É assim mesmo Marco!!!
Mais um relato histórico incrível traduzido para o português pelo nosso Marcolino! Por sinal, vou atrás dos discos deles.
Porra André, já me chamaram dos nomes mais cabeludos, mas tradutor é a primeira vez.
Coincidência?
Hoje de manhã, eu estava dando uma olhada no Discogs e dei de cara com a discografia dessa banda, “The Plastic People of The Universe”.
No fim da manhã, abro a Consultoria e ó! Lá está a banda. Cortesia do Marco Gaspari.
Belo texto!!!
Simplesmente excelente! Ótimo texto e matéria! Yeah!!
Deveras interessante esta banda,na verdade,esta história!!Parabéns Marco pelo texto,que apesar de pequeno,foi magistral e,obviamente,fundamental!Em relação a obscuridade presente na música,só tenho a dizer que as vezes o obscuro manifesta-se com mais iluminação do que a “própria” “””iluminação”””.Mas fazer o que nean,That’s Life.
Parabéns pela excelente matéria Marco. A Cortina de Ferro, mesmo com toda sua repressão, ainda nos brinda com excelentes surpresas musicais.
Outro exemplo que posso dar é do músico tcheco Ota Petřina (do disco Super-Robot), que foi proibido de se apresentar ao vivo por quase 15 anos devido a sua recusa em cortas os cabelos!
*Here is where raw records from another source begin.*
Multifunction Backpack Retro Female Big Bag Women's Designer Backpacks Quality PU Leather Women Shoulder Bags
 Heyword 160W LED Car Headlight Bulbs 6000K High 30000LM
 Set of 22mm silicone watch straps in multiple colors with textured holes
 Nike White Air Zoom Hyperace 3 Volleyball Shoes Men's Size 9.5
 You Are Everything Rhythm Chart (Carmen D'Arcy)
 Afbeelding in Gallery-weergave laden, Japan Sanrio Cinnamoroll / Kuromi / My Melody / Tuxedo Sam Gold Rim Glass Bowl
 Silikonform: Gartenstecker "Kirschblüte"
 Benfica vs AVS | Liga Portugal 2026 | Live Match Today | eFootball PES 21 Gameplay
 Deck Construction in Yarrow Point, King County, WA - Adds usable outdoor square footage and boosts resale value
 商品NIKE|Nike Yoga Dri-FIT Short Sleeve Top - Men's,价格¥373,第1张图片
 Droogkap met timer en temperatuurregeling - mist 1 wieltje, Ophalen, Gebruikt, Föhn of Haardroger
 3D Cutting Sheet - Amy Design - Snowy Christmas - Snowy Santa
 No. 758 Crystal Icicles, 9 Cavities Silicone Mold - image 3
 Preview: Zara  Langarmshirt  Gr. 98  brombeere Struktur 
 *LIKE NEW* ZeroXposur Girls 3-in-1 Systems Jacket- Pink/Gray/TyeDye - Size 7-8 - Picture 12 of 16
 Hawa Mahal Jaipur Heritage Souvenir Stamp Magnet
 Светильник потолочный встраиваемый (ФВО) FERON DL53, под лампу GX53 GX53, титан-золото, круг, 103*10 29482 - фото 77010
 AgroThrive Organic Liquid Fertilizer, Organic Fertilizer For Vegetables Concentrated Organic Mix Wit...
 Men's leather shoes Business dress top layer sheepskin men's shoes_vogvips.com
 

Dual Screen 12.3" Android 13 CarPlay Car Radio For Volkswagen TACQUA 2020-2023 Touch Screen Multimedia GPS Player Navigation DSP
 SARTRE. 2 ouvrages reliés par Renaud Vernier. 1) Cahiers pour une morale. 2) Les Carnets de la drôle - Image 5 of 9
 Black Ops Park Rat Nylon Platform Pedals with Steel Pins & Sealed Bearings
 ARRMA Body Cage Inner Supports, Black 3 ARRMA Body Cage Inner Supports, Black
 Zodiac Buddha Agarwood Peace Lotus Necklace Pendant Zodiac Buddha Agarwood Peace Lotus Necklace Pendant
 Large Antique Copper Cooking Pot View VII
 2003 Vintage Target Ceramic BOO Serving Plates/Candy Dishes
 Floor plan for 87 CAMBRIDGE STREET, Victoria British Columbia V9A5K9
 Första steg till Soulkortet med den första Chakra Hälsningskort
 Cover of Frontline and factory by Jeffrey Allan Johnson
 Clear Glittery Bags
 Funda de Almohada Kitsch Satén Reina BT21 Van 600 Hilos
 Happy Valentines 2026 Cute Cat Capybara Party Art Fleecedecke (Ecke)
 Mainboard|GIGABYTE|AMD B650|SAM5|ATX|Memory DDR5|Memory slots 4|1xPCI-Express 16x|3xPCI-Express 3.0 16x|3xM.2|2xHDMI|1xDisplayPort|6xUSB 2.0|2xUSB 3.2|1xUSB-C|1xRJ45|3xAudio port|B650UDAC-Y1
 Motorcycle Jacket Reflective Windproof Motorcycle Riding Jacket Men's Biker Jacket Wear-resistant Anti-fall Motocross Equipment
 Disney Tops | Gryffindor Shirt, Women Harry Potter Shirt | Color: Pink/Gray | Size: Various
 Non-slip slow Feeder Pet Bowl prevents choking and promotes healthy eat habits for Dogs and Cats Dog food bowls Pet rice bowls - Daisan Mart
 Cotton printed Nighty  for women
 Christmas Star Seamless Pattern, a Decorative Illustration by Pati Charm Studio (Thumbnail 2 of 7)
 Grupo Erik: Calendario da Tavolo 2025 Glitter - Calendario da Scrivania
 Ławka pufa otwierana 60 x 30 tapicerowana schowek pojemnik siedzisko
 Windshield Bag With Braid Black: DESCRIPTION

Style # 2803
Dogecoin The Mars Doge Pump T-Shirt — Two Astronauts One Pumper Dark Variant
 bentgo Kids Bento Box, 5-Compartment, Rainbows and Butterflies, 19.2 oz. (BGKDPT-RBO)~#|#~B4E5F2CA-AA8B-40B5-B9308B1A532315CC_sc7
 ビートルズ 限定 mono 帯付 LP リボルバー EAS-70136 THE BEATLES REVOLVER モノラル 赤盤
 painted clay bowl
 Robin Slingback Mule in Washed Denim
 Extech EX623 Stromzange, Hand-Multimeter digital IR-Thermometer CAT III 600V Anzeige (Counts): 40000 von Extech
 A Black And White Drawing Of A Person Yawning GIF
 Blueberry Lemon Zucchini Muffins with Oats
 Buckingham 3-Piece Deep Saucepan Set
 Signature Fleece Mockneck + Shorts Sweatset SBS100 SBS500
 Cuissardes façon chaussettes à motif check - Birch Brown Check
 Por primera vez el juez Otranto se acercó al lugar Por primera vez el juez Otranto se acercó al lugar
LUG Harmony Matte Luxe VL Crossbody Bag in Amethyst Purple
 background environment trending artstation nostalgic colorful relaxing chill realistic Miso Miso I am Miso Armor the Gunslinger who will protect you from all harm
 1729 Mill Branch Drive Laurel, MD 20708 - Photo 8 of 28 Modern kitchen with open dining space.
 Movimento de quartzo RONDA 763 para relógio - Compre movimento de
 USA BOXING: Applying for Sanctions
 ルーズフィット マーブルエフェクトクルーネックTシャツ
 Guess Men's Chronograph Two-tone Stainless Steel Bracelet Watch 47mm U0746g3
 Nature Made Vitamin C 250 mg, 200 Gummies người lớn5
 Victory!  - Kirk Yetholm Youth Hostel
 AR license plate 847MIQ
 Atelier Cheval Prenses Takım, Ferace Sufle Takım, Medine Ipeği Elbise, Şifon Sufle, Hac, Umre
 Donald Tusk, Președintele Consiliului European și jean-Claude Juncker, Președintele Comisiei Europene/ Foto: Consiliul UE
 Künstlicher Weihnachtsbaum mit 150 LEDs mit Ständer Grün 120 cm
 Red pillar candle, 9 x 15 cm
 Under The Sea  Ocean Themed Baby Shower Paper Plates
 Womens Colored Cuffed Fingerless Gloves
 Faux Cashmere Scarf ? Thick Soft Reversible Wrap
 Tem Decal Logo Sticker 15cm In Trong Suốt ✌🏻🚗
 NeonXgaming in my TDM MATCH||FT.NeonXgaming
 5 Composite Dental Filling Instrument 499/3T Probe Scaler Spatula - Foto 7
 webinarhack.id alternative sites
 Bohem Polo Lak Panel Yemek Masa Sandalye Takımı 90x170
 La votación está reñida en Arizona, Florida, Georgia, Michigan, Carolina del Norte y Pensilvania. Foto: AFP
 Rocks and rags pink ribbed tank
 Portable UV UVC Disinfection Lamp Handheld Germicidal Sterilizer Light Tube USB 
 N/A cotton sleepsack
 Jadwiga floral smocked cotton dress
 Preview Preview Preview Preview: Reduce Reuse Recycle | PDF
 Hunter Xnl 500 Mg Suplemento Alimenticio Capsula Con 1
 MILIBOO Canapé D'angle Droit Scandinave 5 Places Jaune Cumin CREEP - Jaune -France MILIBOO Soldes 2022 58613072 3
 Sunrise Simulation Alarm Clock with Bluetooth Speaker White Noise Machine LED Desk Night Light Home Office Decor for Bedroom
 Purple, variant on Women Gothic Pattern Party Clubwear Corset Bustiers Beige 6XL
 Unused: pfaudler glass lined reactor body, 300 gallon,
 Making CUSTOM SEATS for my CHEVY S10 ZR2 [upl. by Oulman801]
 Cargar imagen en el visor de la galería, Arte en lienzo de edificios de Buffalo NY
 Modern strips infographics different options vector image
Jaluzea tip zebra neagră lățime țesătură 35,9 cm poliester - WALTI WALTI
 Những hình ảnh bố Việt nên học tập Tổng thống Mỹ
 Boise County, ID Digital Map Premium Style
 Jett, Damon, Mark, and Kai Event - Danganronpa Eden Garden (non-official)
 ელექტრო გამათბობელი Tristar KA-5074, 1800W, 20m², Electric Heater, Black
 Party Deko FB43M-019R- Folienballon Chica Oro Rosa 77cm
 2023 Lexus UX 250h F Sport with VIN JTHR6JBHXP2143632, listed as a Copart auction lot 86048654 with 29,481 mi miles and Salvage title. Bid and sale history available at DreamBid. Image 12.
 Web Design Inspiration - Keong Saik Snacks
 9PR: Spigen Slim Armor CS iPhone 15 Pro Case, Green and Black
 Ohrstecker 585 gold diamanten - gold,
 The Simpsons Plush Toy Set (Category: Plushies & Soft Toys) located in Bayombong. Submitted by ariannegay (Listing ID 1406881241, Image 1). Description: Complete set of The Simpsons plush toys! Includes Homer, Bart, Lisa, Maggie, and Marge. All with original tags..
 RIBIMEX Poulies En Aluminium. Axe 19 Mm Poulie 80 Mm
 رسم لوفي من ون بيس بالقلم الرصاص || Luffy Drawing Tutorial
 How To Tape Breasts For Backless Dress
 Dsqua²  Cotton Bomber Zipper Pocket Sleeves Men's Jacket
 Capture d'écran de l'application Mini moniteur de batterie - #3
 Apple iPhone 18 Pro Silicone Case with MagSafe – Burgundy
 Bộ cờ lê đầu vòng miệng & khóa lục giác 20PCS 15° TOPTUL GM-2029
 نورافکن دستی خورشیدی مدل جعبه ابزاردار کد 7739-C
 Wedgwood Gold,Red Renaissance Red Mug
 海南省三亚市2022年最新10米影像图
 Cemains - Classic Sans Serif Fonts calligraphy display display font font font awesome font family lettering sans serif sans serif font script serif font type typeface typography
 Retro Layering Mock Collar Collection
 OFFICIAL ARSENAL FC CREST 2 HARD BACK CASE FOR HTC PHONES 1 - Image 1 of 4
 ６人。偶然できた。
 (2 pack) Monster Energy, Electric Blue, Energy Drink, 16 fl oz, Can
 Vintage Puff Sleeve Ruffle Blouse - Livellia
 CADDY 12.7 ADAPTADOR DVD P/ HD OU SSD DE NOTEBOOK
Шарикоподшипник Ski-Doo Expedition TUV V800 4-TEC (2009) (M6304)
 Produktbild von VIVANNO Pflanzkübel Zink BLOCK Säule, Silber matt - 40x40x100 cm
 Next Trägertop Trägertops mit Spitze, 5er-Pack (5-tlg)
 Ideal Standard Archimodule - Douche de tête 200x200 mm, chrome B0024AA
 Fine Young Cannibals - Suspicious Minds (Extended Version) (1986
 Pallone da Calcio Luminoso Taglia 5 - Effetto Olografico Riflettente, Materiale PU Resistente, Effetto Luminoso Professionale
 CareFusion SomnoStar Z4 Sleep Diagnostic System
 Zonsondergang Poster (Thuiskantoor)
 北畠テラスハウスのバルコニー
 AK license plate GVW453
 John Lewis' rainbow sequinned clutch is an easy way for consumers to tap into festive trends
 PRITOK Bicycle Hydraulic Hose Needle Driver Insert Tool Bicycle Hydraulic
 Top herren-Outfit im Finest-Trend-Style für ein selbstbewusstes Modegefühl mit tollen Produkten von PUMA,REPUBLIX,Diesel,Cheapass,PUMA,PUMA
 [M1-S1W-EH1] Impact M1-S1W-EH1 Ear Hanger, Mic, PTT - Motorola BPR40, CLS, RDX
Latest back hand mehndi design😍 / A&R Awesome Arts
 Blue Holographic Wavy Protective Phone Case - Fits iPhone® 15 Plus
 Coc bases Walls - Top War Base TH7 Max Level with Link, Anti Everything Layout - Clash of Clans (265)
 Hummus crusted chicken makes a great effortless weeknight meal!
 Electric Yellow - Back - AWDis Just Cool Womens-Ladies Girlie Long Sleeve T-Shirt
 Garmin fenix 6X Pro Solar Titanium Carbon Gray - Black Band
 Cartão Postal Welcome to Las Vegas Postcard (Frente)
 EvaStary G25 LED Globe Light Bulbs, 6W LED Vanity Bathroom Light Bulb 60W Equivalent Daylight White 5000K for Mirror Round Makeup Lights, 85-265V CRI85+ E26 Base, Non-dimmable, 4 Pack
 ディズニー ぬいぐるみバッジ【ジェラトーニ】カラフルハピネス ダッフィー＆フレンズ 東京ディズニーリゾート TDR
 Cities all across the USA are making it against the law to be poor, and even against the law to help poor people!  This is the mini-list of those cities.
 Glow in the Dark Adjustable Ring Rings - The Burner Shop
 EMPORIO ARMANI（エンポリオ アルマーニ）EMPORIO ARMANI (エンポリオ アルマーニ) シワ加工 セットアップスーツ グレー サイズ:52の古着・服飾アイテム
Oi André… não sei quase nada a respeito da história do guitarrista, a não ser que esse disco ele lançou já com certa idade (provavelmente devido aos seus problemas com as autoridades). Mas isso que se passou com o Plastic People e o Ota, por outro lado, explica porque bandas como o Blues Effect trocaram de nome de forma abrupta logo após o primeiro disco: viraram Modry Efekt e depois M. Efekt. A gente pensa: pô, os caras assumiram o nome em sua própria língua, patriotismo exacerbado, consciência de suas origens e tal… Mas não, o governo comunista (que nem era centrado em seu prórpio país) foi lá e obrigou. E nem é preciso ir tão longe: a ditadura de direita aqui no Brasil também fez suas barbaridades, porque censura é censura, não importa sob qual ideologia.